Disk Space Watermarks

The cache_swap_low and cache_swap_high directives control the replacement of objects stored on disk. Their values are a percentage of the maximum cache size, which comes from the sum of all cache_dir sizes. For example:

cache_swap_low 90
cache_swap_high 95

As long as the total disk usage is below cache_swap_low, Squid doesn’t remove cached objects. As the cache size increases, Squid becomes more aggressive about removing objects. Under steady-state conditions, you should find that disk usage stays relatively close to the cache_swap_low value. You can see the current disk usage by requesting the storedir page from the cache manager (see Section 14.2.1.39).

Note that changing cache_swap_high probably won’t have a big impact on Squid’s disk usage. In earlier versions of Squid, this parameter played a more important role; now, however, it doesn’t.

Object Size Limits

You can control both the maximum and minimum size of cached objects. Responses larger than maximum_object_size aren’t stored on disk. They are still proxied, however. The logic behind this directive is that you don’t want a really big response to take up space better utilized by many small responses. The syntax is as follows:

maximum_object_size size-specification

Here are some examples:

maximum_object_size 100 KB
maximum_object_size 1 MB
maximum_object_size 12382 bytes
maximum_object_size 2 GB

Squid checks the response size in two different ways. If the reply includes a Content-Length header, Squid compares its value to the maximum_object_size value. If the content length is the larger of the two numbers, the object becomes immediately uncachable and never consumes any disk space.

Unfortunately, not every response has a Content-Length header. In this case, Squid writes the response to disk as data comes in from the origin server. Squid checks the object size again only when the response is complete. Thus, if the object’s size reaches the maximum_object_size limit, it continues consuming disk space. Squid increments the total cache size only when it is done reading a response.

In other words, the active, or in-transit, objects don’t contribute to the cache size value Squid maintains internally. This is good because it means Squid won’t remove other objects in the cache, unless the object remains cachable and then contributes to the total cache size. However, it is also bad because Squid may run out of free disk space if the reply is very large. To reduce the chance of this happening, you should also use the reply_body_max_size directive. A response that reaches the reply_body_max_size limit is cut off immediately.

Squid also has a minimum_object_size directive. It allows you to place a lower limit on the size of cached objects. Responses smaller than this size aren’t stored on disk or in memory. Note that this size is compared to the response’s content length (i.e., the size of the reply body), which excludes the HTTP headers.

Allocating Objects to Cache Directories

When Squid wants to store a cachable response on disk, it calls a function that selects one of the cache directories. It then opens a disk file for writing on the selected directory. If, for some reason, the open() call fails, the response isn’t stored. In this case, Squid doesn’t try opening a disk file on one of the other cache directories.

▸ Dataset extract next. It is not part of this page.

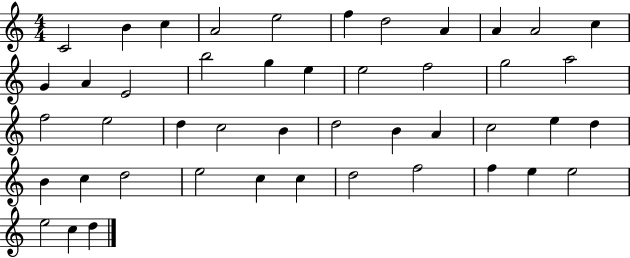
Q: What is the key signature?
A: C major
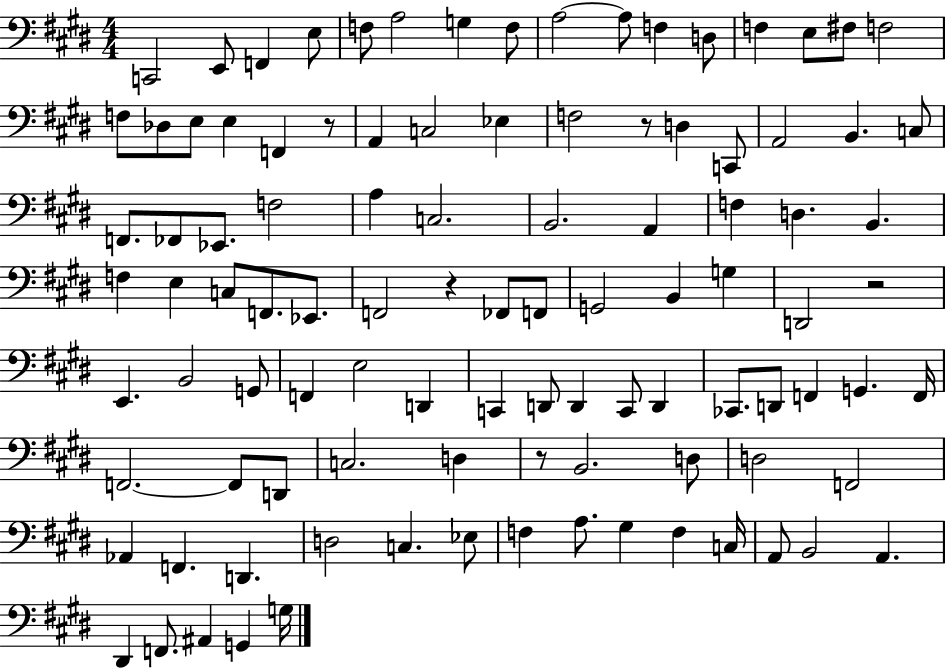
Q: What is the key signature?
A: E major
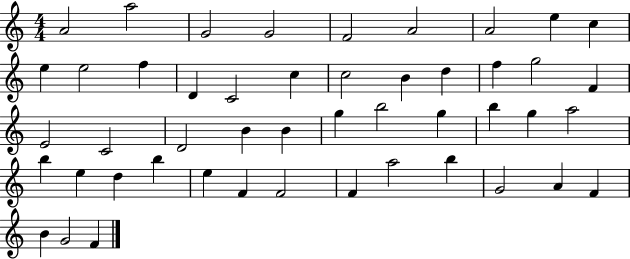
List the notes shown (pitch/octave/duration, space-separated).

Squid has two of these cache_dir selection algorithms. The default algorithm is called least-load; the alternative is round-robin.

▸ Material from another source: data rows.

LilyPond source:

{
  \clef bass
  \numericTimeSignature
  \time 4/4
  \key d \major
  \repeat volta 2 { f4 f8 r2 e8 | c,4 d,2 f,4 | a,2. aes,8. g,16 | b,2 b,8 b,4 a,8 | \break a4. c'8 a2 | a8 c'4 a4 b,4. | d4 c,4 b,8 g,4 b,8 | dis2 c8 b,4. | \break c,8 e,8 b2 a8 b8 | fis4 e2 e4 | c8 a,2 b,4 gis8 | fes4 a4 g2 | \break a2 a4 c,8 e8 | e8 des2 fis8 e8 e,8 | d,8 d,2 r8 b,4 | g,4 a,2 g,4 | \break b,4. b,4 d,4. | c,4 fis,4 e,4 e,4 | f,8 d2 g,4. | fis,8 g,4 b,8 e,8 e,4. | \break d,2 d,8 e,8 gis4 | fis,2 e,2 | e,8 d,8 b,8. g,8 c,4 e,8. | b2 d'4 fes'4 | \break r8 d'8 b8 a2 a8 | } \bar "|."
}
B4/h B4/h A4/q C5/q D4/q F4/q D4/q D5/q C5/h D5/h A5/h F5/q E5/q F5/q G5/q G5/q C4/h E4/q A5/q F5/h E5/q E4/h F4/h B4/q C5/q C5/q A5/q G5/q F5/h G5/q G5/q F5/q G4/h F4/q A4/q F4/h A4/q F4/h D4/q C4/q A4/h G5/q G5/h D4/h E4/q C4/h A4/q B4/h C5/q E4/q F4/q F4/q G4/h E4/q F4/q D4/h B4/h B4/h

The least-load algorithm, as the name implies, selects that cache directory that currently has the smallest workload. The notion of load depends on the underlying storage scheme. For the aufs, coss, and diskd schemes, the load is related to the number of pending operations. For ufs, the load is constant. For cases in which all cache_dirs have equal load, the algorithm uses free space and maximum object sizes as tie-breakers.

The selection algorithm also takes into account the max-size and read-only options. Squid skips a cache directory if it knows the object size is larger than the limit. It also always skips any read-only directories.

The round-robin algorithm also uses load measurements. It always selects the next cache directory in the list (subject to max-size and read-only), as long as its load is less than 100%.

Under some circumstances, Squid may fail to select a cache directory. This can happen if all cache_dirs are overloaded or if all have max-size limits less than the size of the object. In this case, Squid simply doesn’t write the object to disk. You can use the cache manager to track the number of times Squid fails to select a cache directory. View the store_io page (see Section 14.2.1.41), and find the create.select_fail line.

Replacement Policies

The cache_replacement_policy directive controls the replacement policy for Squid’s disk cache. Version 2.5 offers three different replacement policies: least recently used (LRU), greedy dual-size frequency (GDSF), and least frequently used with dynamic aging (LFUDA).

LRU is the default policy, not only for Squid, but for most other caching products as well. LRU is a popular choice because it is almost trivial to implement and provides very good performance. On 32-bit systems, LRU uses slightly less memory than the others (12 versus 16 bytes per object). On 64-bit systems, all policies use 24 bytes per object.

Over the years, many researchers have proposed alternatives to LRU. These other policies are typically designed to optimize a specific characteristic of the cache, such as response time, hit ratio, or byte hit ratio. While the research almost always shows an improvement, the results can be misleading. Some of the studies use unrealistically small cache sizes. Other studies show that as cache size increases, the choice of replacement policy becomes less important.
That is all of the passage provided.